Recently the new dean of the school of humanities, arts, and sciences at NC State asked to meet with Art Pope, who heads the John W. Pope Foundation. The Foundation has given substantial financial assistance to higher education in North Carolina over the years and Dean Toby Parcel wanted to see if it would be possible to arrange additional support, particularly for foreign language programs.
The meeting was cordial and productive. Afterward, however, when Dean Parcel reported to her faculty on the prospect of Pope Foundation support, many members threw the adult version of a tantrum. One professor declaimed that money from the Pope Foundation was “dirty money” that would corrupt the university. Another opined that taking money from the Pope Foundation would be as bad as taking money from the Ku Klux Klan.

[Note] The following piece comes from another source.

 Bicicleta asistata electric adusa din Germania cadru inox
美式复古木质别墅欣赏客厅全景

What is behind the outrage?
The angry faculty members have mounted their soap boxes because they dislike the fact that the Pope Foundation and the organizations it helps to fund, including the John Locke Foundation and the John W. Pope Center for Higher Education Policy, take issue with their aggressively leftist politics. They don’t want the minimal, Jeffersonian-model government that the Locke Foundation consistently argues for. They don’t want the traditional approach to higher education that the Pope Center advocates.

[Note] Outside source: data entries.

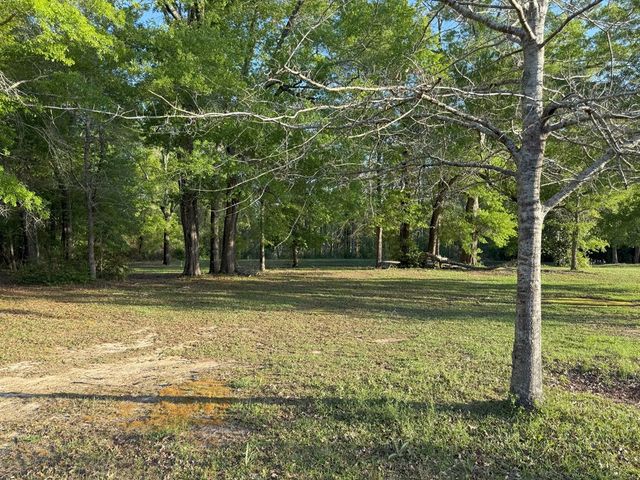 212 Man Hall Rd, Dothan, AL 36305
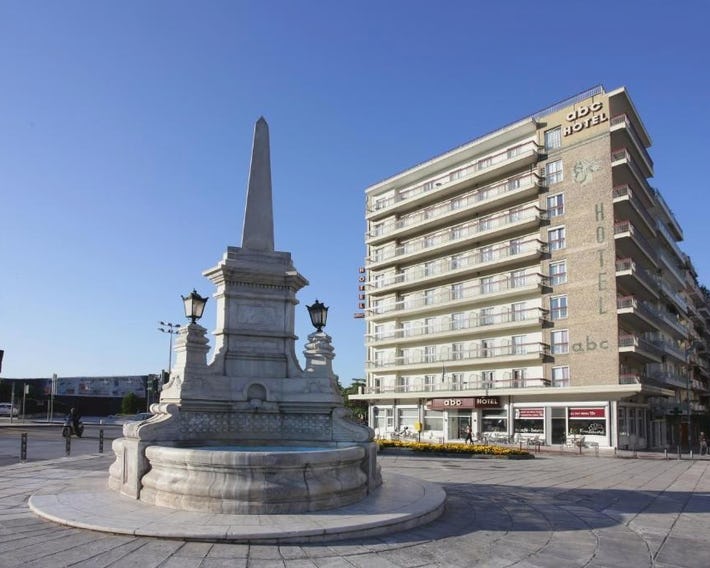 Abc Hotel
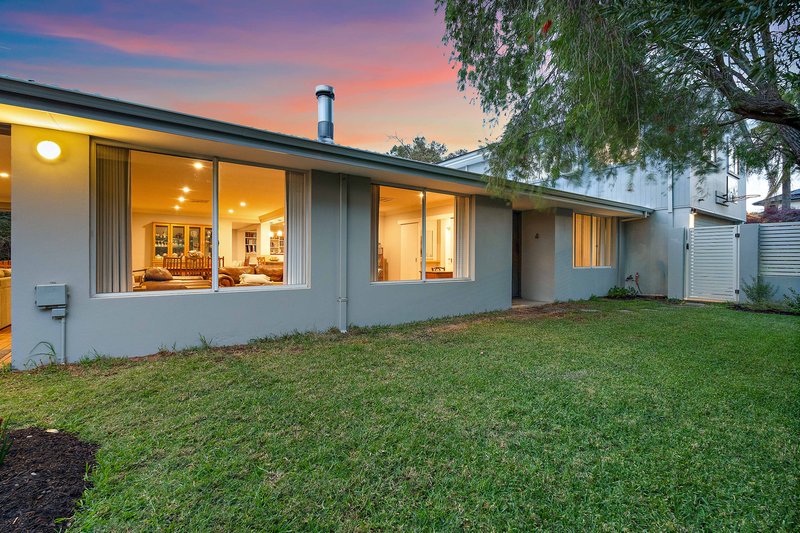 Photo - 2 Campion Crescent, Attadale WA 6156 - Image 4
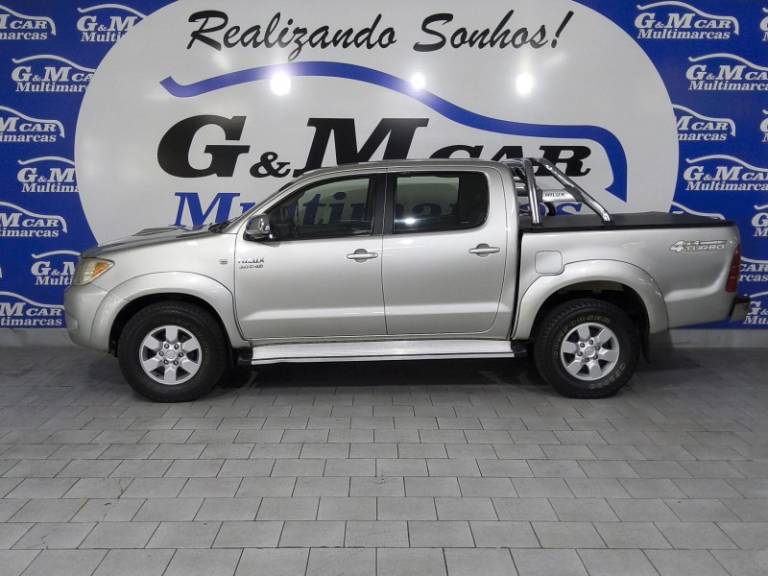 TOYOTA - HILUX - 2005/2006 - Prata - R$ 94.900,00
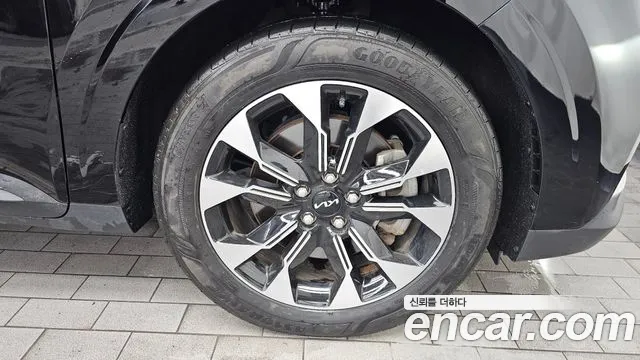 Kia Canival Carnival 4 поколение 9 мест Prestige — Фото автомобиля 21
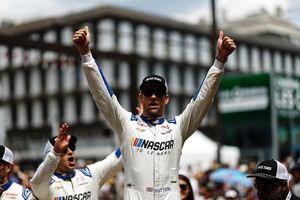 Image post by @jensonbutton on Instagram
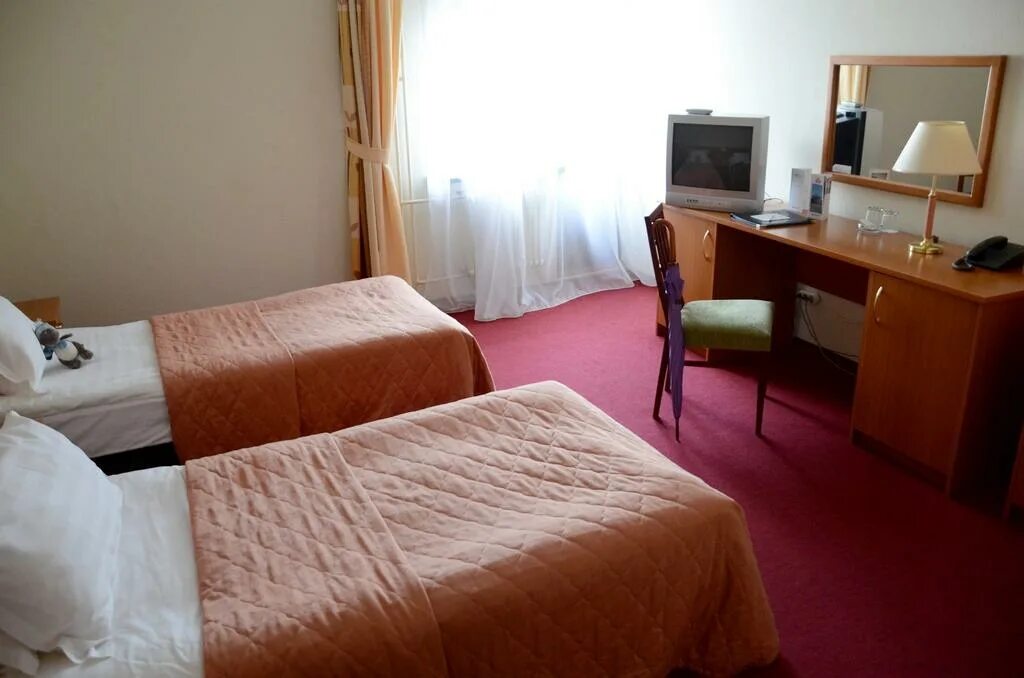 Волжская ривьера углич ресторан. Гостиница углич сайт. Волжская ривьера углич. Углич гостиница азимут. Гостиница углич сайт.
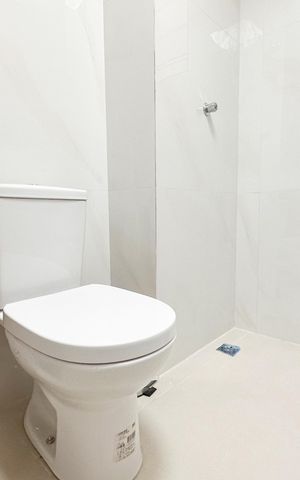 Apartamento à venda com 45m², 2 quartos e 1 vaga Apartamento à venda com 45m², 2 quartos e 1 vagaBanheiro Social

They are entitled to their views, of course, but not to false accusations. The Center has often criticized what we see as frivolous, academically weak courses and programs like Women’s Studies. That is not at all the same as “denigrating women” as one faculty member says. The Center has also criticized “affirmative action” programs designed to engineer a student body that is “diverse” in respect to race as having a deleterious impact on the educational mission of the university. That, however, does not “denigrate minorities.” Attacks like that, impugning motives rather than dealing with the substance of arguments, ought to be beneath faculty members at a major (or any) university.
If the NC State faculty members knew anything about the operations of the Pope Center, they would realize that we have always been scrupulously fair in allowing people who disagree with us to have their say. Our conferences always feature speakers from many different points on the political compass. We are always open to reasoned argumentation.
Apparently, the same cannot be said of many members of the NC State faculty.